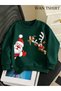 Children's New Year's Printed Green 3-Strand Crew Neck Sweatshirt
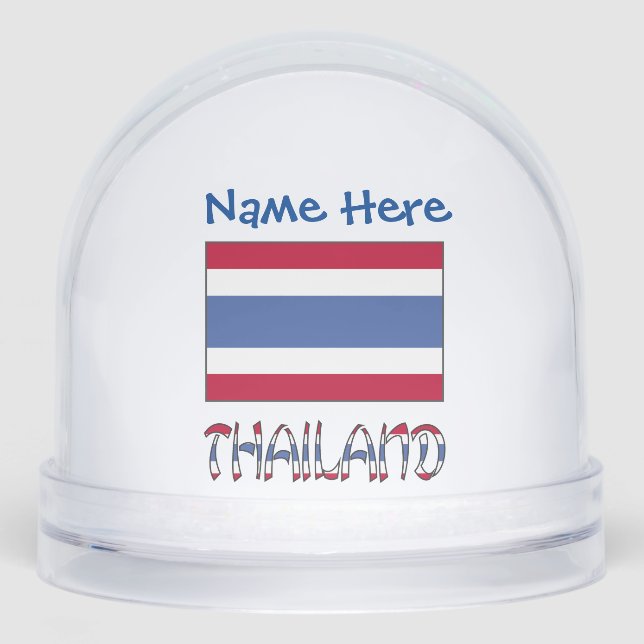 Thailändische Flagge Blue Personalisierung Schneekugeln (Vorderseite)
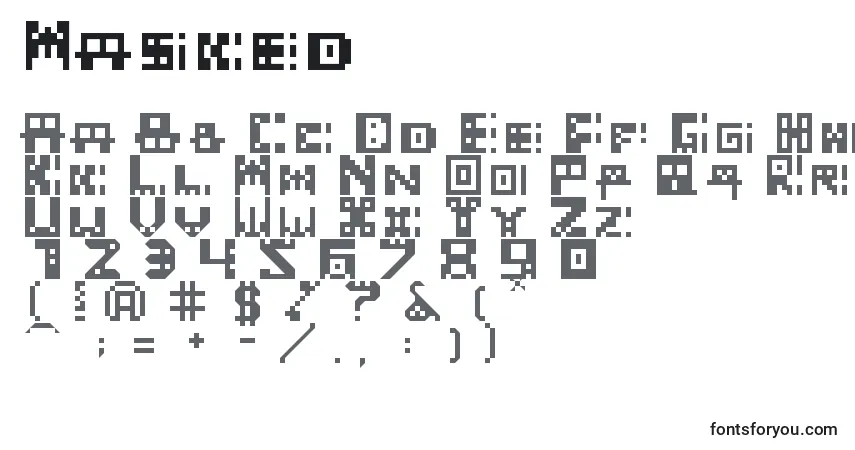 Шрифт Masked – алфавит, цифры, специальные символы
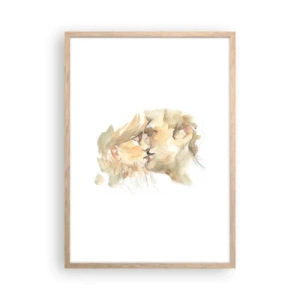 Plakat i ramme af lyst egetræ - Den fundne halvdel? - 50x70 cm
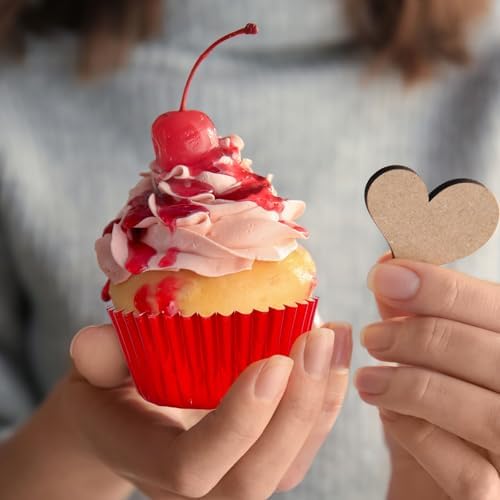 JarThenaAMCS 200Pcs Red Pink Foil Cupcake Liners Foil Metallic Baking Cups Cupcake Wrappers Muffin Liners for Valentine Christmas Birthday Wedding Party Supplies - Image 6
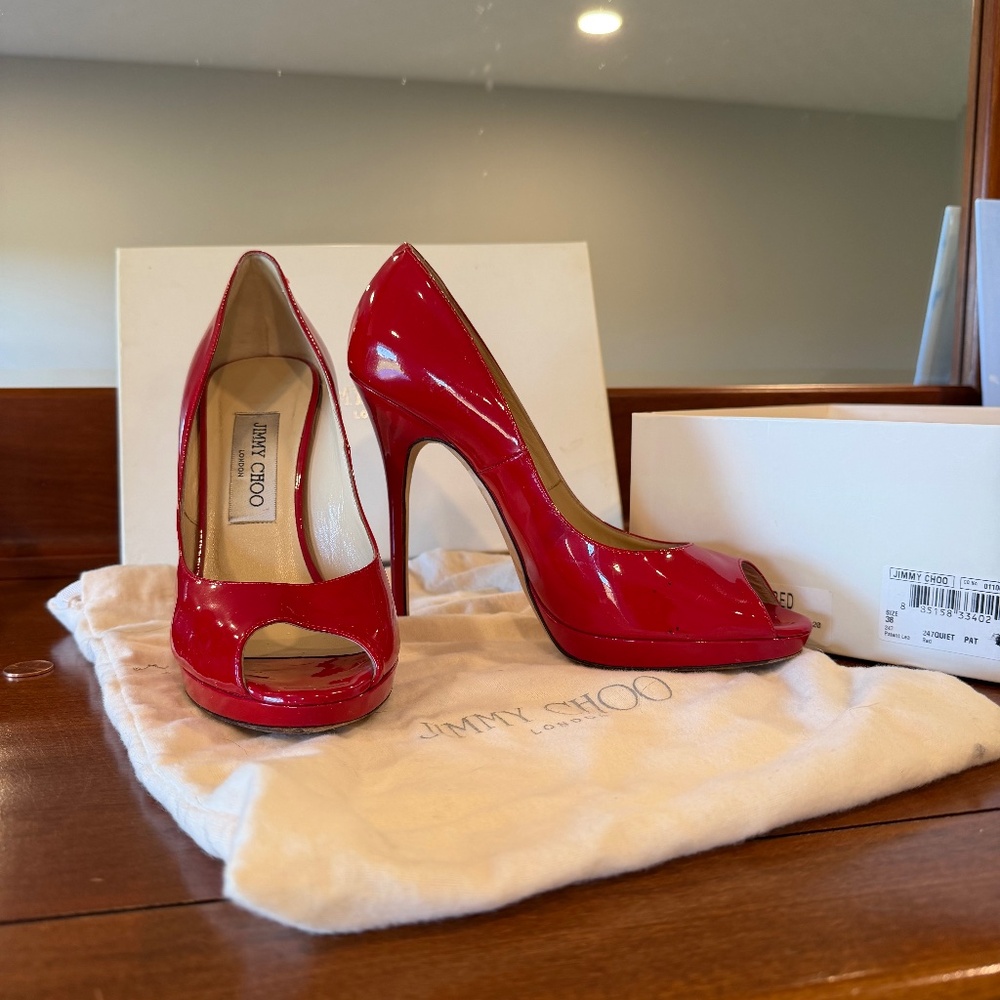 Jimmy choo patent red leather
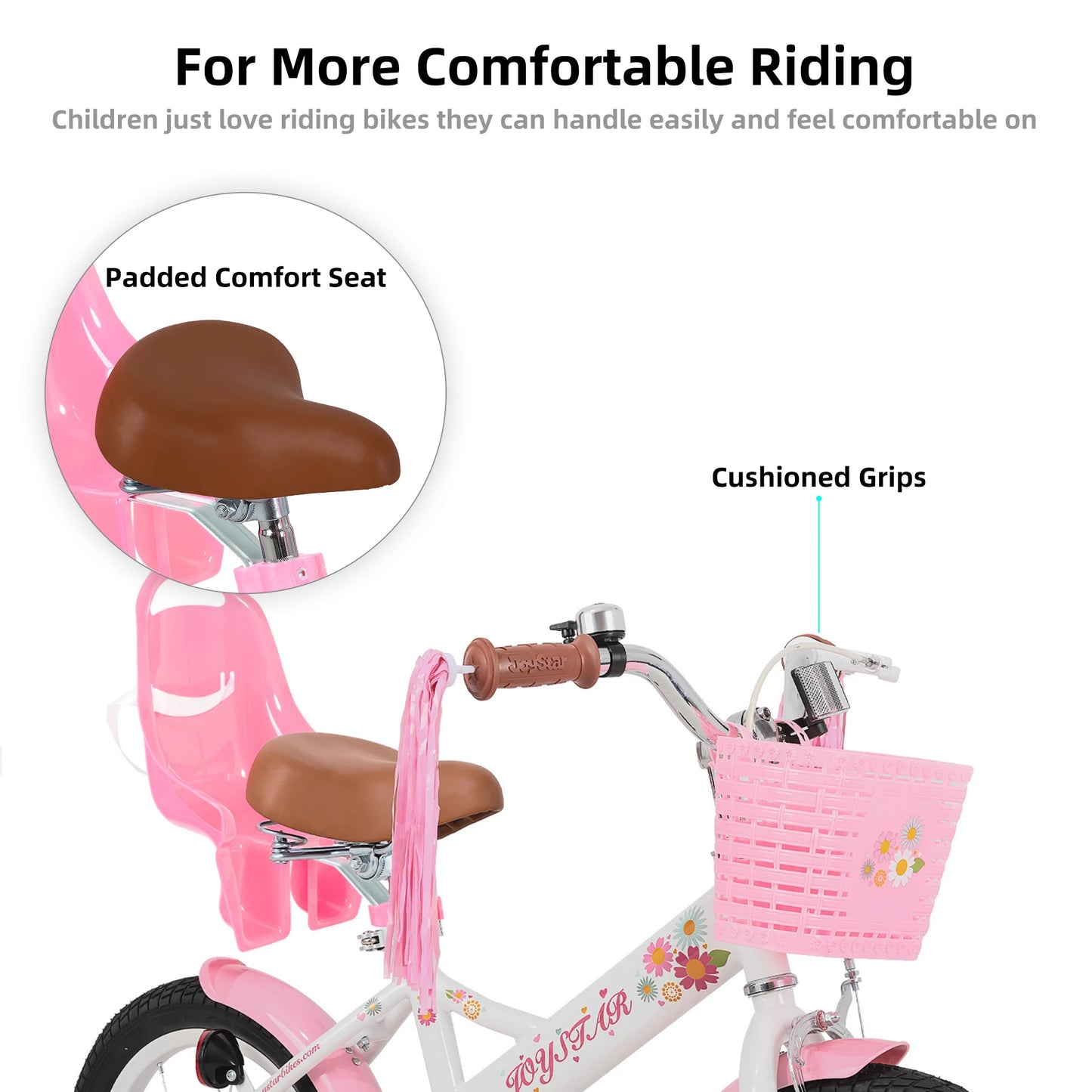 JOYSTAR Kids Bike For Ages 2-7 With Doll Seat Streamers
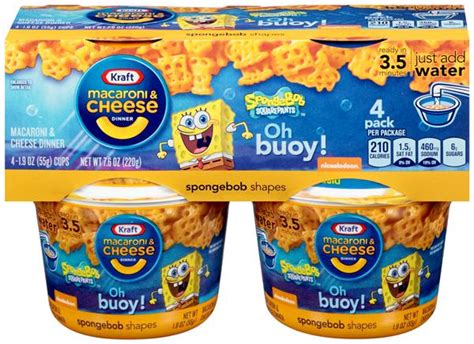 Kraft SpongeBob Shapes Macaroni & Cheese Dinner 4Pk | Hy-Vee Aisles Online Grocery Shopping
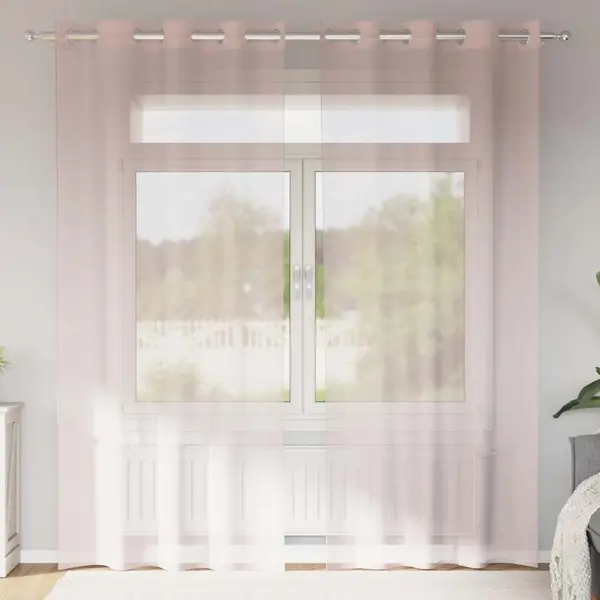 Gossi perdele voile cu oelii 2 buc roz deschis 140x225 cm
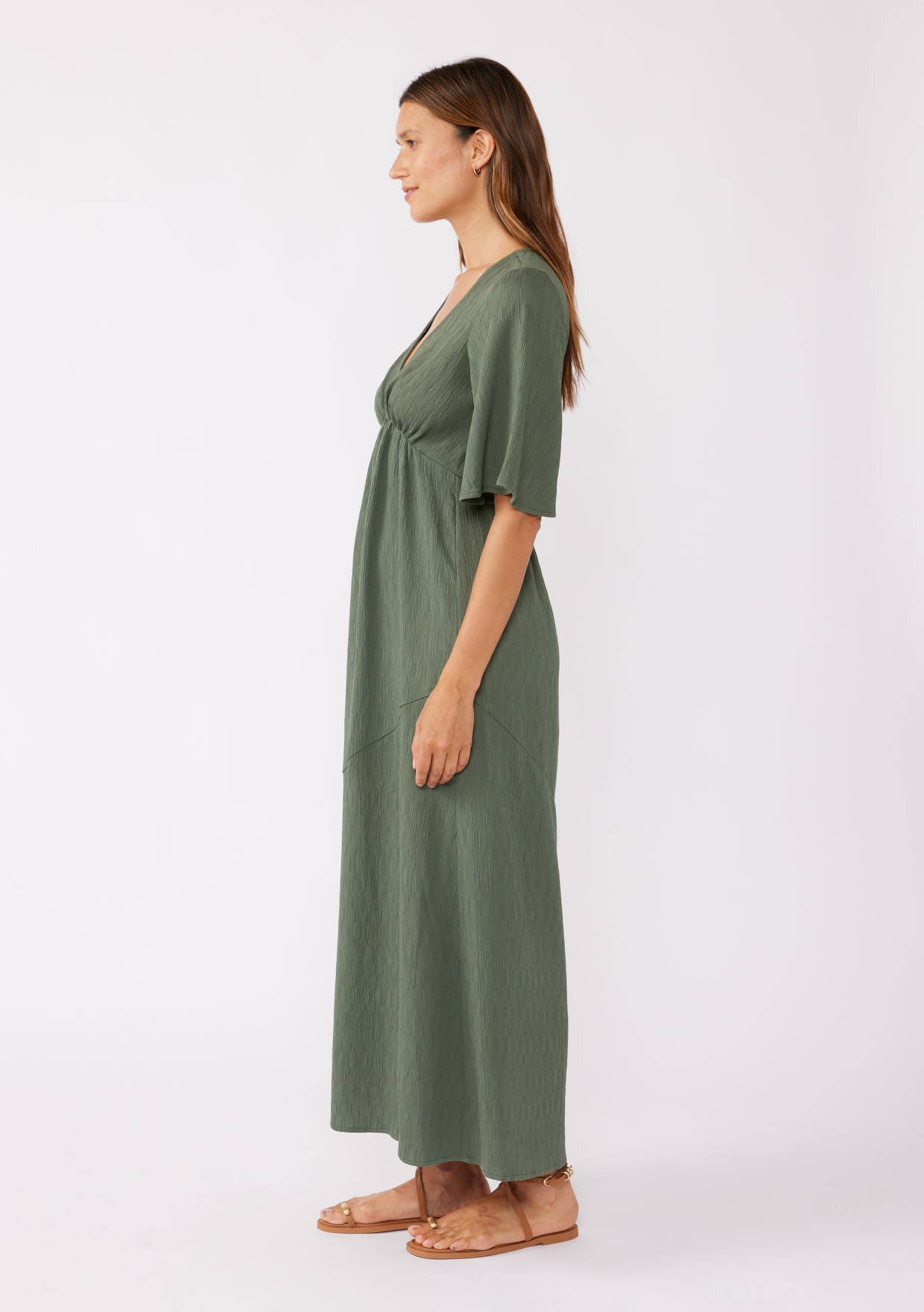 Empire Waist Maxi Dress with Slit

**WORK TO COMPLETE:**
Please set down the records exactly, and keep every image out of the copy.

**RESULT OF THIS TASK:**
 Children's New Year's Printed Green 3-Strand Crew Neck Sweatshirt
 Thailändische Flagge Blue Personalisierung Schneekugeln (Vorderseite)
 Шрифт Masked – алфавит, цифры, специальные символы
 Plakat i ramme af lyst egetræ - Den fundne halvdel? - 50x70 cm
 JarThenaAMCS 200Pcs Red Pink Foil Cupcake Liners Foil Metallic Baking Cups Cupcake Wrappers Muffin Liners for Valentine Christmas Birthday Wedding Party Supplies - Image 6
 Jimmy choo patent red leather
 JOYSTAR Kids Bike For Ages 2-7 With Doll Seat Streamers
 Kraft SpongeBob Shapes Macaroni & Cheese Dinner 4Pk | Hy-Vee Aisles Online Grocery Shopping
 Gossi perdele voile cu oelii 2 buc roz deschis 140x225 cm
 Empire Waist Maxi Dress with Slit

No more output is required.